The Media Development and Diversity Agency (MDDA) and Government Communication and Information Service (GCIS) has received the green light from the National Treasury Department to pursue the vision of an online booking system for community and small commercial media that would ensure GCIS adspend would reach that sector.
The idea is to develop – or source – a community radio software management tool that would “enhance professionalism, accountability, record keeping, reporting and good community radio management”.
MDDA representative, Nkopane Maphiri, told a forum hosted by the Advertising Media Association of South Africa (AMASA) this week that GCIS had committed itself to an increase in adspend to community media and that the money would be channeled through the proposed technology platform to create a “pipeline” of revenue to the sector.

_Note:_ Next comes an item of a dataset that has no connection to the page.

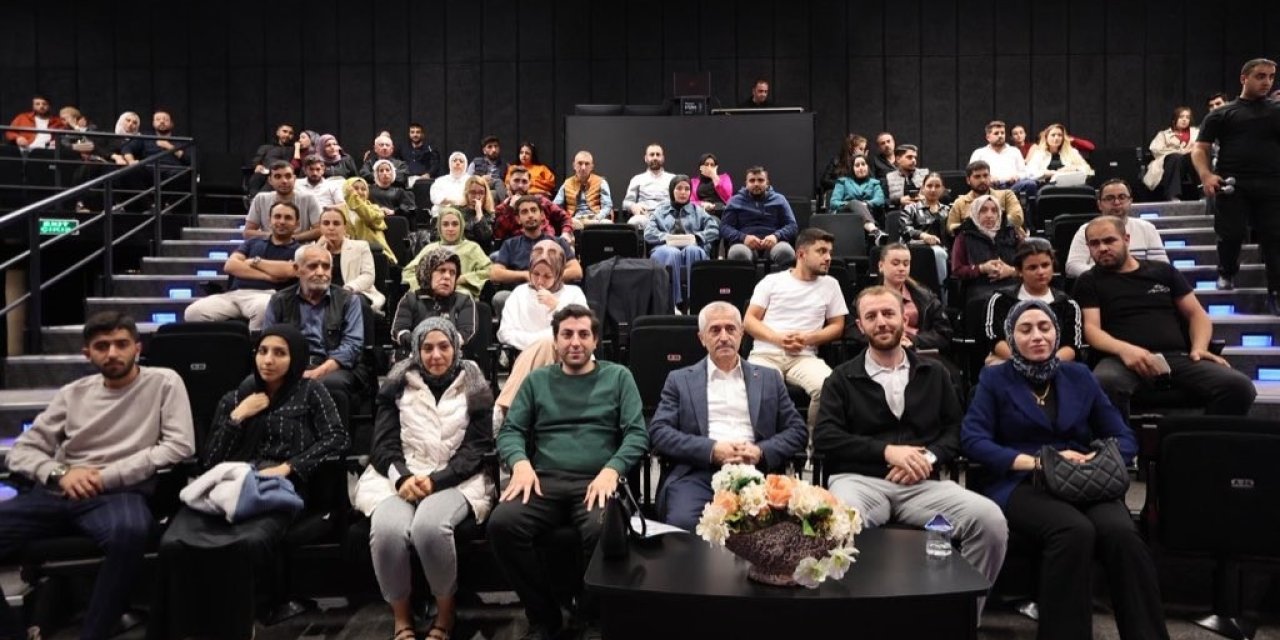 Başkan Tahmazoğlu, Evlilik Okulu çiftleriyle bir araya geldi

In effect, as one person at the forum said, the MDDA would become “the commercial sales arm of community and small commercial media via the centralized booking platform. This could seriously impact on media agencies servicing the sector. “There will be collateral damage in the space,” Maphiri said.
But he added that the development and creation of such a platform would be put it out to a “public process” and that agencies currently working in the field could quite possibly already be sitting on solution and that they were welcome to take part in such a process. He said the system could only work through the creation of a private public partnership.

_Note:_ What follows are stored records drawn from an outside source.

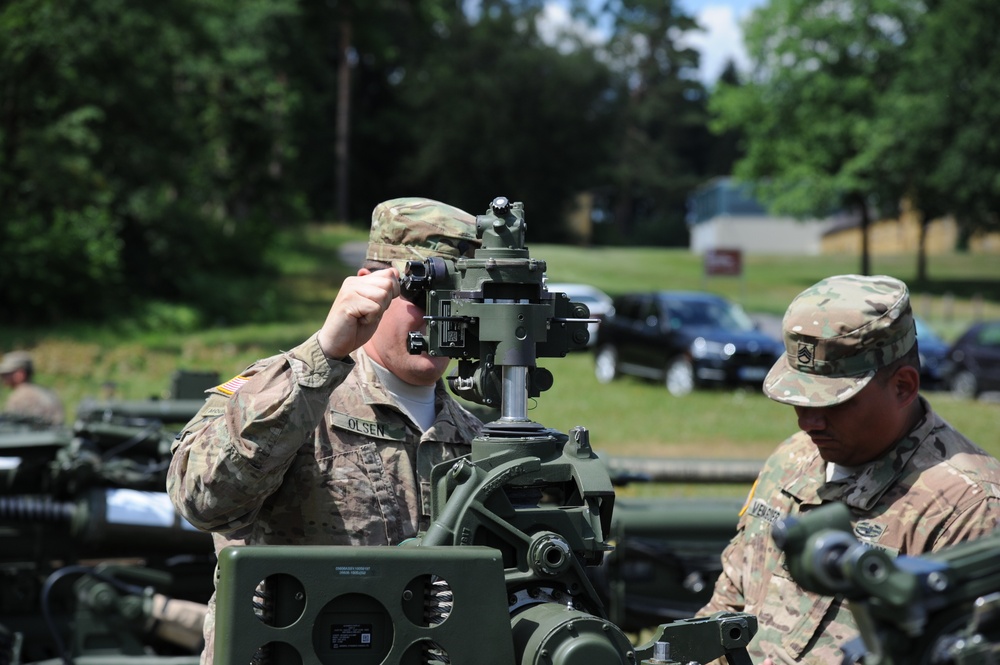 Certification training on M777A2 howitzer
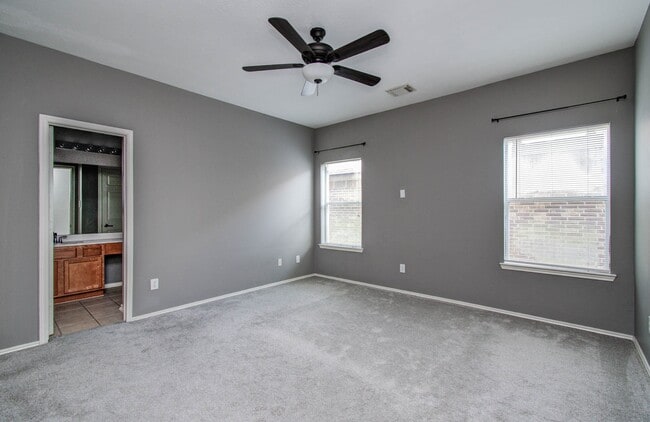 Building Photo - 14034 Chelseahurst Ln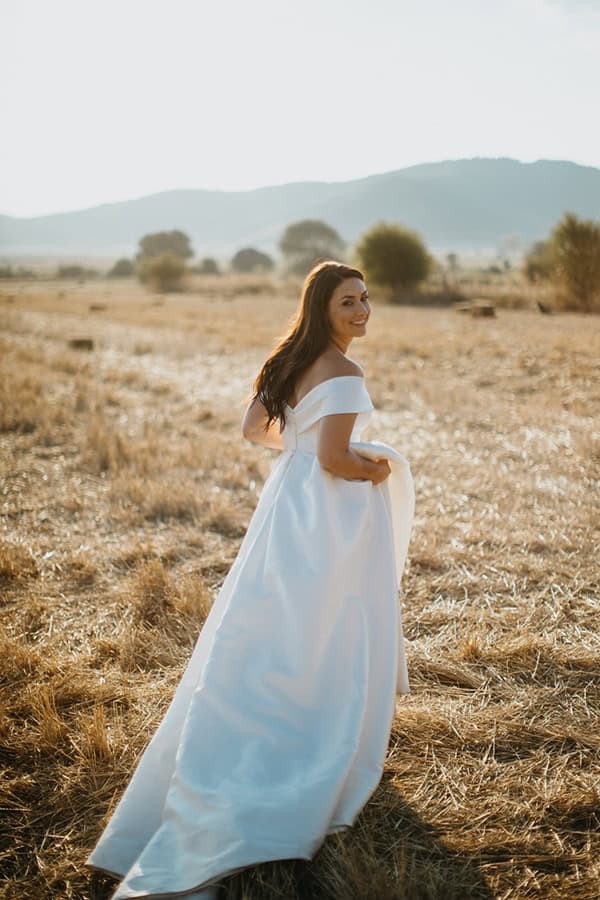 beautiful-fall-wedding-larissa-bohemian-flair_02x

He said there would be a system in place to “balance what’s best for the client as well as create support for the local newspaper or radio station”. He said government wasn’t prescribing adspend “at all costs but to give community media a fair chance while generating returns for clients”.
The move by the MDDA and GCIS comes in the wake of accusations that the advertising industry has been slow to transform. The Parliamentary Portfolio Committee on Communications conducted “oversight” visits to various community media operations in Eastern Cape, Kwa-Zulu Natal, Northern Cape Free State and Western Cape.
It found that the advertising industry was “facing some challenges, and that “community Media projects lamented the lack of advertising support for community radio stations, small commercial media and community print media projects. This lack of support is as a result of lack of understanding by the advertising industry of the Community Media sector”.
The Committee recommended that “Government organs and state owned entities” be “encouraged to also use community and small commercial media as defined in the MDDA Act in respect of their advertising spend”.
This, said the PPC, “will not only ensure their messages reach the targeted communities but will also support the ideal of sustaining a diverse media society, viable community media and enhance democracy”.
The PPC also recommended that the MDDA and Association for Communication and Advertising meet to “discuss, consider and take all issues raised by the community and small commercial media at the oversight visits forward and report back to the committee”.
Maphiri reports that the MDDA and ACA have already agreed to host a round table discussion with the top 10 advertisers and their agencies. They have also agreed to partner in the development of training modules on Media Development and Diversity for their training institutions.
The MDDA is compiling a “comprehensive report…on the state of adspend in the sector by both the public and private sector”. They were also hoping to work with the South African Advertising Research Foundation (SAARF) to develop “credible” research. “We want to work within a system that the industry is already accustomed to,” says Maphiri.
In the meantime, though, the PPC and MDDA are keen for progress on the proposed MAC Charter, the legal blueprint for the transformation of the advertising industry. “We want to work within the parameters of the MAC Charter,” Maphiri told the AMASA forum. “Parliament must enable the promulgation of the Charter, craft it into law.”
But agencies have expressed reservations about funding. The creation of an online platform could be a costly exercise, and the MDDA is often stretched for funds already. But Maphiri believes a public private partnership could solve funding issues.
In his presentation to AMASA, he says that through the MDDA partnership with AMASA , ACA and other industry bodies, “an opportunity exist to work together with the private sector to encourage it to be a partner in the development of the sector through meaningful support of this important sector of the media.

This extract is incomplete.